IRGC commanders after the Iran-Iraq War. Left to right (back row): Mohammad Esmail Kowsari, Mohammad Reza Zahedi, Morteza Ghorbani, Mohammad Ali Jafari, Ahmad Kazemi, Komeil Kohnsal; (front row) Gholam Reza Suleimani, Mohammad Hassan Kousseh Chi, Qassem Suleimani, unknown, unknown. (Ahestan.ir)

July 18, 2013

The IRGC Command Network: Formal Structures and Informal Influence

Executive Summary

The election of Hassan Rouhani as president has reignited intense debate both inside and outside of Iran about the future of the Islamic Republic. Most in the West expected a hardline candidate favored by the Supreme Leader or the Islamic Revolutionary Guards Corps (IRGC) to win and the status quo to remain unchallenged. The unexpected turn of events suggests that there are still forces in Iran that wish to make meaningful reforms within the context of the current system. But even if Rouhani indeed desires to make reforms, can his government make substantive changes on issues that most concern the U.S., such as Iran’s nuclear program and support for Bashar al Assad’s regime in Syria?

Answering this question depends largely on how the regime’s other powerful stakeholders react to the new government, especially the IRGC – the single-most powerful organization in Iran whose leaders are positioned to directly influence regime decision-making. Fully understanding the dynamics between the IRGC and other regime forces, however, requires a deeper familiarity with the human networks that make up the IRGC’s senior leadership. 

This report examines the formal structures that comprise the IRGC’s senior leadership and the informal influence networks that dominate it.
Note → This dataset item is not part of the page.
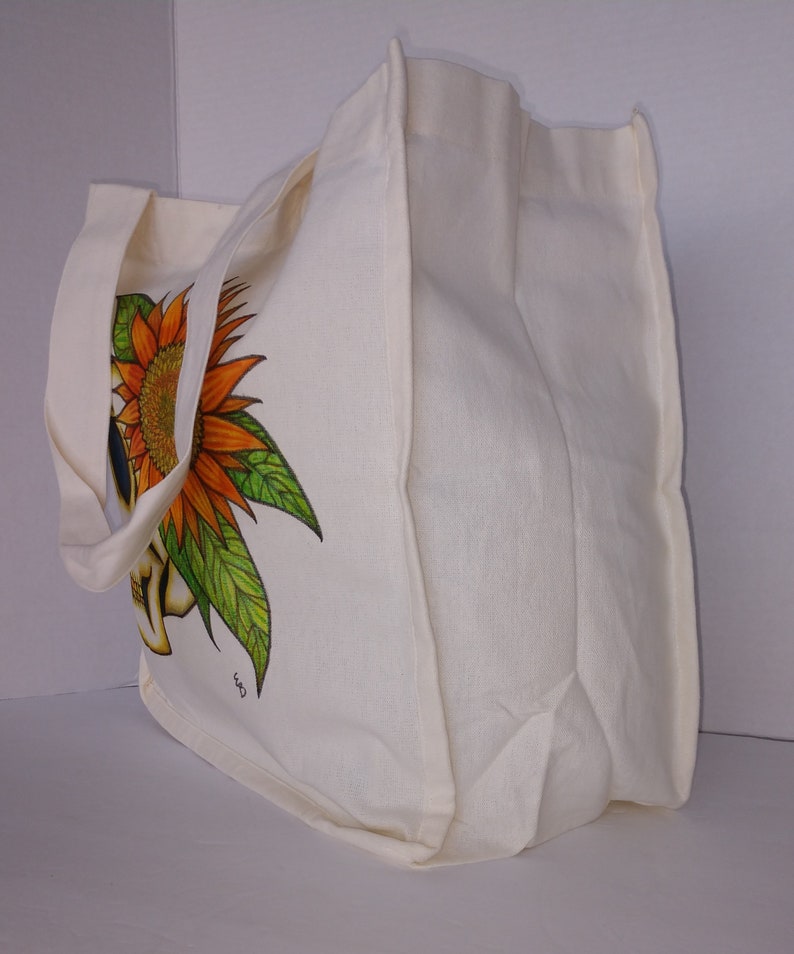 May include: A white canvas tote bag with a sunflower and skull design. The bag has two long straps and a large main compartment.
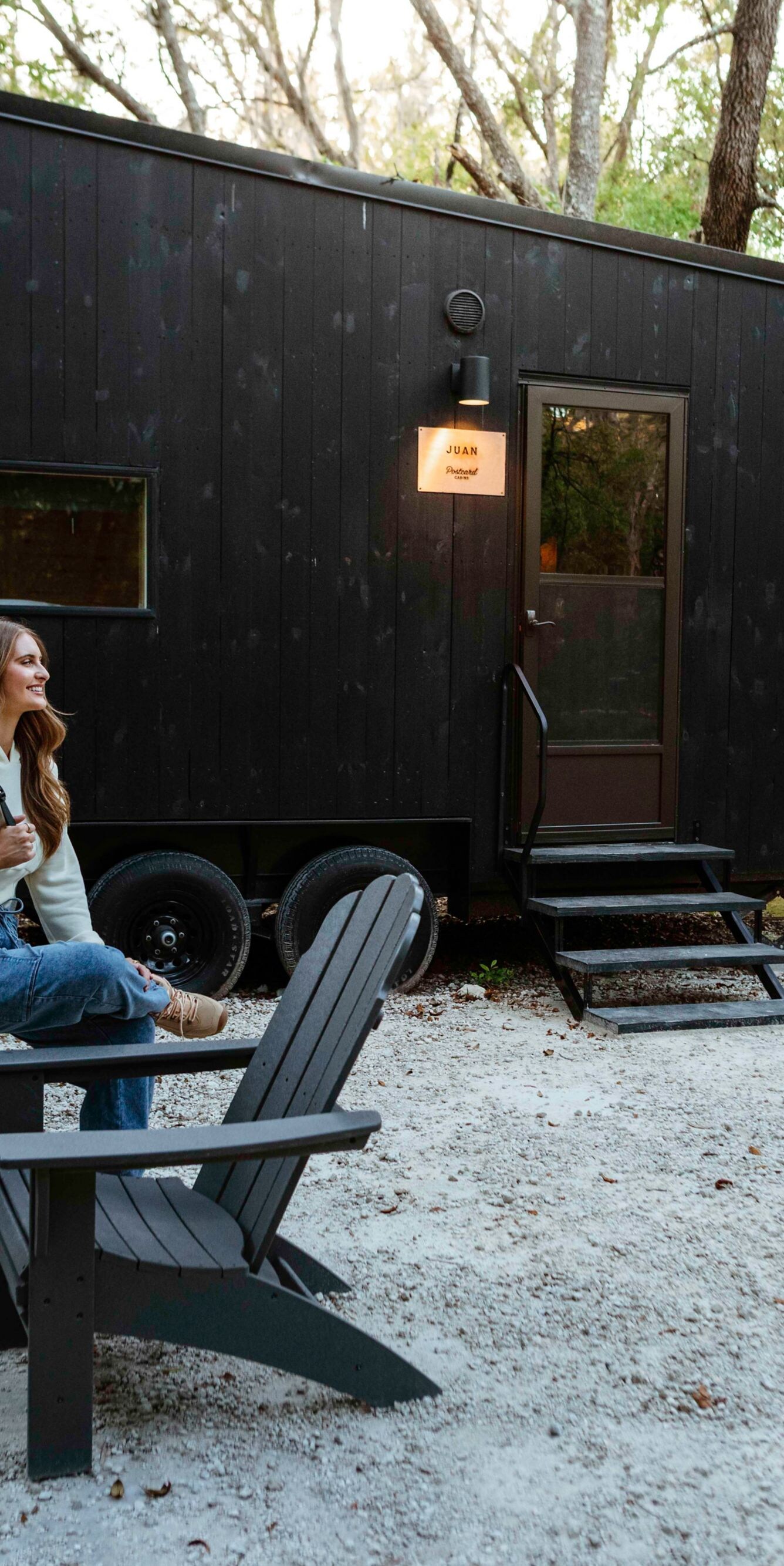 woman sitting on chair outside cabin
The central focus is a faction within the IRGC referred to here as the “Command Network” (IRGC-CN), and its extended branches.

The IRGC-CN is a group of ten commanders with deep ties dating back to the Iran-Iraq War. Its members include the IRGC and Quds Force commanders, as well as key operations and intelligence officials in the Armed Forces General Staff (AFGS), the body charged with overseeing the military affairs of both the IRGC and Iran’s conventional force (Artesh).
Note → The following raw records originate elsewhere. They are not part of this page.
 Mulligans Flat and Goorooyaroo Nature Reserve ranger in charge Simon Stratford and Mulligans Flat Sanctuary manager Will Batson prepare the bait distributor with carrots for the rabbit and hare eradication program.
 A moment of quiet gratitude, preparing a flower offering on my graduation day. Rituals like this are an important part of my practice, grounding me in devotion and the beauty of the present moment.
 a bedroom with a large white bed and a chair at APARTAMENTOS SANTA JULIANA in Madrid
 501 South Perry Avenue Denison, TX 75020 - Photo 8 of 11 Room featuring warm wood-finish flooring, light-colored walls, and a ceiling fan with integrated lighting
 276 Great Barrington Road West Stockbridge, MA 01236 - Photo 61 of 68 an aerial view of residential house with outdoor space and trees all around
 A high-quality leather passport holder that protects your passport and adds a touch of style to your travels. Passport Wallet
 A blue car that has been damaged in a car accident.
Members of the IRGC-CN’s extended networks also occupy influential positions in the IRGC and AFGS, such as commander of the IRGC’s Greater Tehran unit and head of the AFGS Operations Directorate. Members also extend into the political realm, and include the mayor of Tehran, a deputy of Parliament’s National Security and Foreign Policy Commission, and the governor of Zanjan province.
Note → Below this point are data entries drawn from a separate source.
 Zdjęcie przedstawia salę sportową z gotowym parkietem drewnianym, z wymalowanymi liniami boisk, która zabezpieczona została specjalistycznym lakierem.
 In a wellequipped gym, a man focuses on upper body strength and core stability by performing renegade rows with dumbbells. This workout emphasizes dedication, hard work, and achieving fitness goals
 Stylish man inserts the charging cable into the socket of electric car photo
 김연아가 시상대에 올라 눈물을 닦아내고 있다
The IRGC-CN has endured through conflicts and crises since the end of the Iran-Iraq War, including the 1999 Tehran University clashes, 2009 post-election protest movement, and changes in organizational command in 1997 and 2007.  Where one would expect significant purging of or divisions in the IRGC’s leadership following these events, we saw the opposite: IRGC-CN members retained and expanded their control over the IRGC’s key command and staff positions.

The IRGC-CN will be a dominant voice in the regime for the foreseeable future. Based on its demonstrated ability to remain cohesive through periods of instability, the Command Network will likely continue to retain formal control of the Guards in the face of internal and external pressures. The IRGC-CN has also begun to selectively recruit the next generation of commanders to fill key positions as senior leaders slowly retire or transition into politics, ensuring that this network’s interests are safeguarded.

If President-elect Rouhani desires to make fundamental changes to the Islamic Republic’s core national security policies, he will need to win the support of the IRGC-CN or subvert it. Either scenario presents Rouhani with considerable challenges, as this network has a vested interest in maintaining the status quo and has previously shown a willingness to act aggressively to protect its interests.